A campaign to restore the 104-year-old ASUW Shell House at the University of Washington in Seattle is getting a boost toward its goal with a $5 million commitment from Microsoft President Brad Smith and his wife, Kathy Surace-Smith, vice president at NanoString.
Microsoft Philanthropies has dedicated an additional $2 million toward the university’s $18.5 million capital campaign.
The structure on the Montlake Cut was originally built by the U.S. Navy as a seaplane hangar in 1918 during World War I. But the Shell House’s biggest claim to fame may be as the onetime home to one of the UW’s most celebrated sports teams.
The 12,000-square-foot building served as home to UW rowing for several decades and was where famed shell builder George Pocock built boats including the Husky Clipper, which carried its UW team to gold at the 1936 Olympics in Berlin.
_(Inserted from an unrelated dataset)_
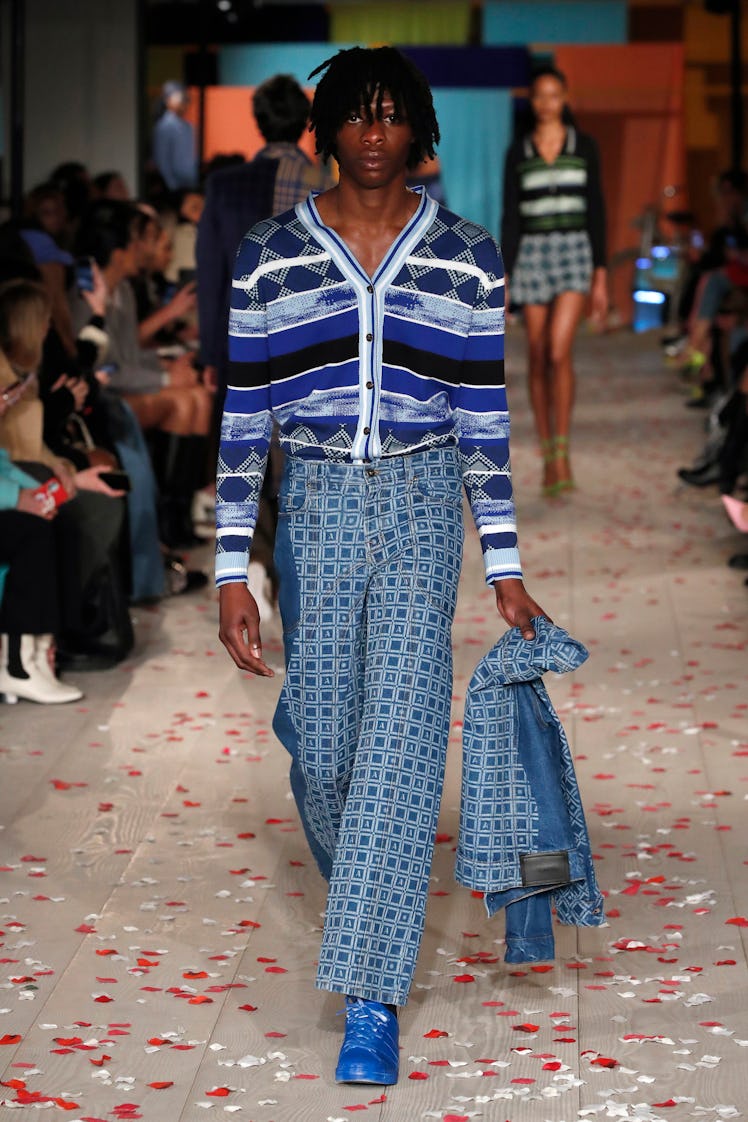 A model in a blue-white cardigan and blue denim jeans with geometric print by Ahluwalia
That victory is the subject of the acclaimed 2013 novel “The Boys in the Boat” by Daniel James Brown, which will also be an upcoming film directed by George Clooney.
The UW is looking to restore the Shell House as a learning and gathering space for students and the community, according to campaign details which call the building the university’s “beacon on the water.”
“Students will experience an enhanced sense of place and a better understanding of the unique beauty, history and culture that makes our campus unique in the world,” the UW said. “By hosting thematic student programming and courses rooted in the building’s innate themes of innovation, collaboration, leadership and resilience, we will further inspire their learning and growth.”
Interactive timelines and exhibits will serve to invite the community to take part in that celebration of collective histories and accomplishments.
“This could be a special place where visitors from other states and countries can visit, learn, and be moved by what happened here,” Smith said. “But perhaps most importantly, it’s a place for the people who live here to meet and accomplish great things the way the ‘Boys in the Boat’ did, and that is what inspired us to step forward.”
Surace-Smith said that walking into the Shell House leaves one immediately struck by the historic nature of the building and the nature of the stories that have happened there.
“We hope others see what we see, which is the tremendous potential and value of opening and restoring this iconic space for the community,” she said.
ASUW in the building’s name refers to Associated Students at the University of Washington, which is the university’s student government on campus.
Smith previously helped lead fundraising efforts for The Bill & Melinda Gates Center for Computer Science & Engineering at the UW, which opened in 2019. That campaign attracted contributions from notable tech titans and other current and former Seattle-area tech leaders.
At the time, Smith called it a “wonderful journey” that brought together not only friends of the university but also tech giant rivals who were investing in the program’s future.
“These incredible gifts are propelling our fundraising effort,” Denzil Suite, UW’s vice president for Student Life, said of the Shell House contributions from Smith, Surace-Smith and Microsoft. “But there is plenty of space left in this boat and our hope is that they inspire other leaders within our region’s business community to grab an oar and help us reach our goal.”